Trump's supporters are primed to suspect conspiracy — all the more so now that they see Trump sinking in the polls. At a Trump rally in Virginia this week, after Trump told the crowd, "We're running against a rigged system," the Trump backers I sampled at random all thought the election could be stolen.
Dawn Quires told me that FBI director James Comey didn't recommend charges against Clinton because he "doesn't want to get shot in the back like others." James Scarborough said court defeats for voter-ID laws were evidence of a rigged election. And Connie Jagger reasoned that a Trump defeat would necessarily mean a stolen election because Trump's crowds are bigger than Clinton's.
This fallacy — that the winner is determined by crowd size rather than the 125 million ballots cast — makes Trump backers think a legitimate Clinton victory is impossible. "Trump in trouble? 10,000 people in Jacksonville!!!!" somebody named Eric Swenson emailed me Thursday. "Pathetic media, corrupt to the core."
Mix that paranoia with the propensity for violence seen at Trump events, and you can see where this could go after Nov. 8.
At a Trump rally in Pennsylvania last week, a video posted by PennLive shows Trump supporters shoving, throwing to the ground and bloodying the nose of a demonstrator.
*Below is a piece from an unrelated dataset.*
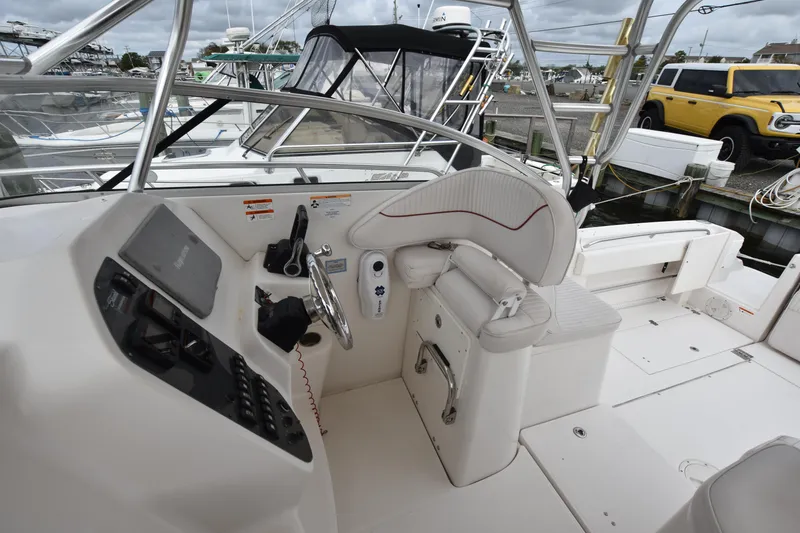 Slide: The Image of 2007 Seaswirl Striper 2901 Walkaround O/B boat cockpit with steering wheel and controls. - 18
A video montage published this week by the New York Times captures the rage at Trump rallies: Trump supporters proclaiming "F —- those dirty beaners," "F —- Islam," "F —- that n ——-," "Hang the bitch"; and various scenes of pushing and shoving of demonstrators.
Slate's Ben Mathis-Lilley has a tally of 20 violent incidents at Trump events by Trump supporters, and protesters, including protesters hit with pepper spray by Trump backers, and instances of demonstrators being sucker-punched, shoved and choked.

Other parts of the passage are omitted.